▶ [DATA SECTION]
>>>>

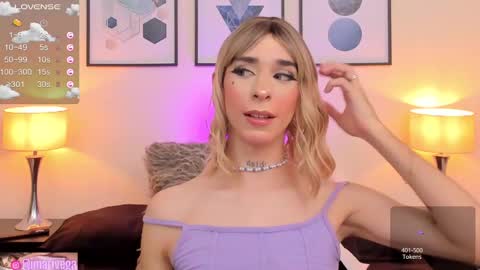 Snapshot of arivega chatting on February 11, 5:58 am Nice to meet you thumb up me please its important I LOOK MY BIO DOWN online show from February 11, 5:58 am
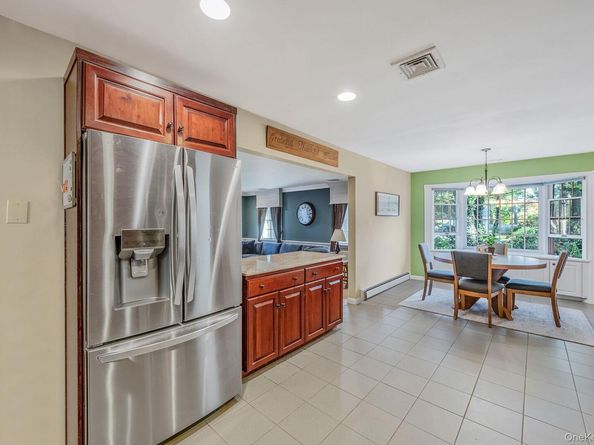 15 Riviera Court, Great River NY 11739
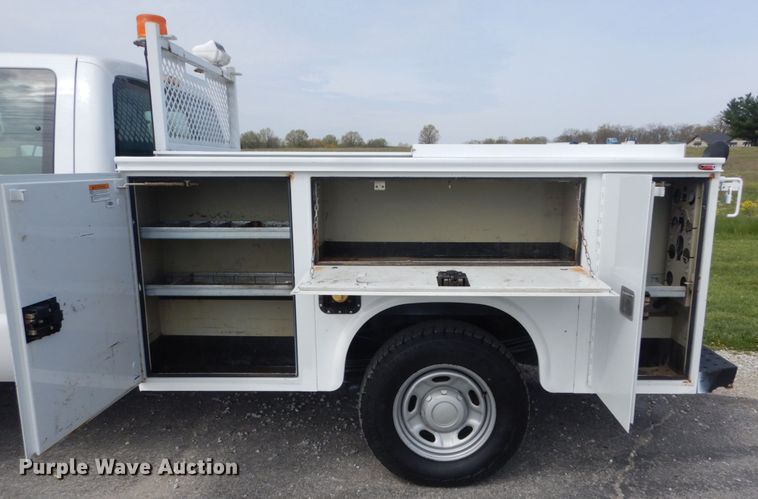 image for item IY9640 2013 Ford F250 Super Duty  SuperCab utility bed pickup truck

<<<<

Give back the full listing verbatim, skipping each picture.

▶ [EXERCISE RESULT]
 Snapshot of arivega chatting on February 11, 5:58 am Nice to meet you thumb up me please its important I LOOK MY BIO DOWN online show from February 11, 5:58 am
 15 Riviera Court, Great River NY 11739
 image for item IY9640 2013 Ford F250 Super Duty  SuperCab utility bed pickup truck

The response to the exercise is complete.